So, my average yearly cost is about $4000.
That of course doesn't include tack. My tack, which is cheap because I use synthetics, cost around $700.
_Posted via Mobile Device_


----------



## apachiedragon (Apr 19, 2008)

You know, Let, we had a major MAJOR drought here a few years back. Everyone was driving out of state to get hay and prices nearly tripled. Here, and most areas in NC, the prices went back down to normal, but I wonder if the hay guys near you got greedy and just decided to keep the prices up because they knew people would buy it? Have you checked the upper edge of SC? We got some awesome hay from there that year for cheap when we couldn't find any here.


----------



## Hidalgo13 (Dec 24, 2010)

Gas is 1.27$ to 1.33$ a Litre where I am. Basically 4.80$ to 5, 03$ a gallon. 

And dewormer is never under 15$ unless it's on sale. Regular prices are between 15 and 22 bucks a tube. 

... Gosh I need to move when I am older.


----------



## MN Tigerstripes (Feb 20, 2009)

The most I've paid for hay was $4 a small square... And that was the spring after a terrible drought summer, so there was barely any hay to be found.

Wormer is between $10-15 per tube

The grain I feed is $25 for a 50lb bag. In the summer they get 1/4lb each 1x daily and in the winter they get a 1/2 lb each 2x a day. So a bag will last me almost the entire summer and in the winter it's a little over 1 bag a month. 

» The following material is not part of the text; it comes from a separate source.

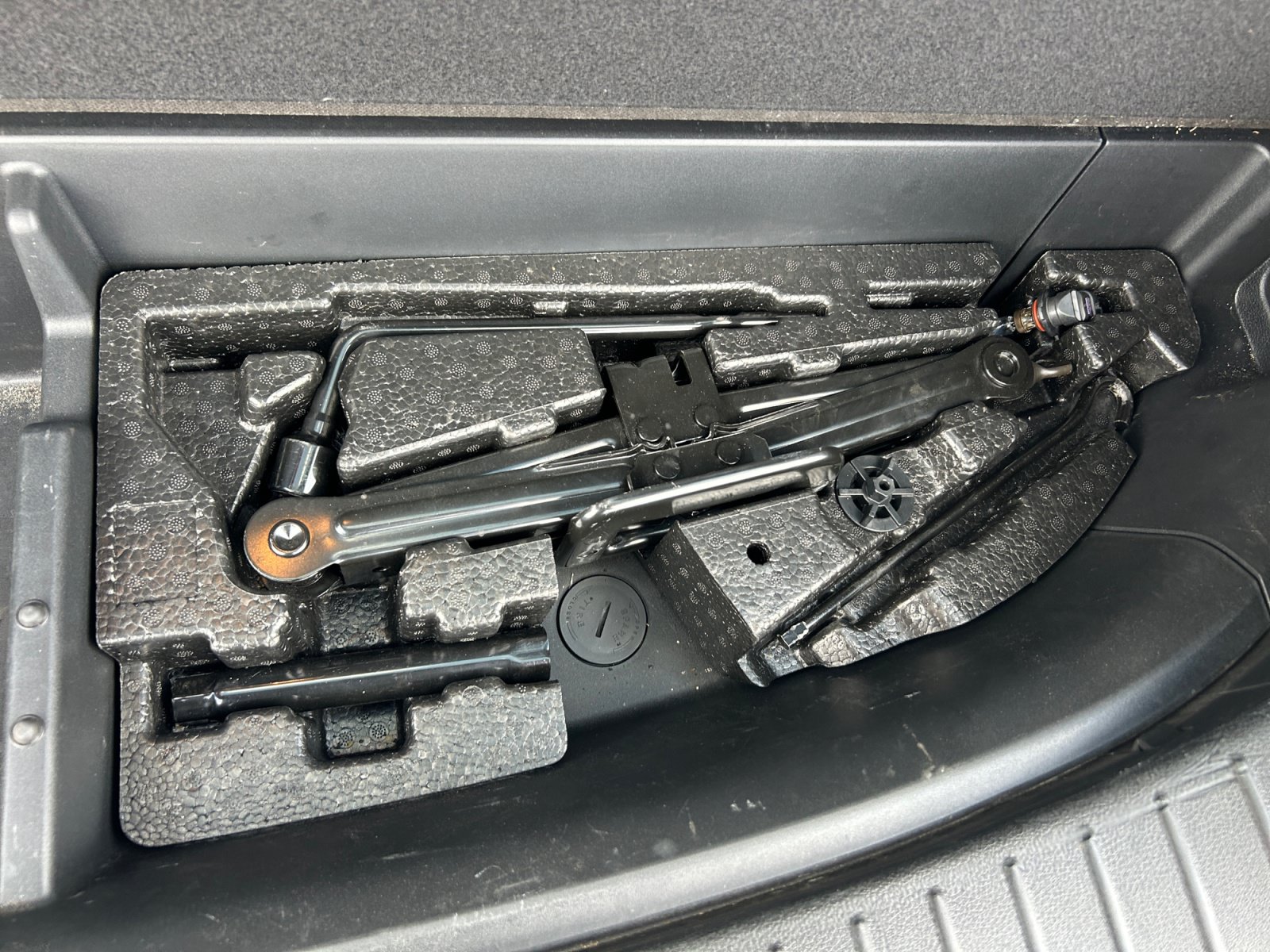 Used 2019 Hyundai Santa Fe SE FWD image 29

But again I have really easy keepers/low maintenence horses.


----------



## MacabreMikolaj (May 9, 2009)

My aunt brings me back boxes of dewormer from the US which helps. It's tricky because usually only ivermectin is cheap, but she grabbed me a box of 12 tubes and it worked out to like $5 a piece. You can't get it for under like $15 here, so I ain't complaining! Still have to buy the expensive stuff for pyrantel and praziquantel, but saving $20 once a year on dewormer is fine by me!

Our BO is paying $5 a bale right now for top quality heavy 80 pound alfalfa bales. We pay around $3 for 50 pound grass bales, but it's getting harder and harder to find. She truly is a horse lover, because she's making barely anything off of us between the expensive hay and expensive bedding ($4.25 per bale of shavings, and Jynx is going through one a DAY on stall rest). I'm only paying $250 for Jynxy's stall, and she's using easily $200 in bedding and shavings a month!

Remind me to buy my BO a case of beer...


----------



## flytobecat (Mar 28, 2010)

bsms said:


> Nah. I just need to post a thread in the training section:
> 
> "How can I teach a horse to eat prickly pear cactus?" :lol:


Have you tasted prickly pear cactus -major slimey -yuck
You just need to convince your horses that they are wild and should be eating palo verde like good little mustangs.:mrgreen:

We go through 8 bales a week, & pay about $11 a bale for bermuda and $14 for alfalfa.


----------



## wild_spot (Jan 30, 2008)

We pay $15-$30 for wormer - in the twenties for the good stuff. 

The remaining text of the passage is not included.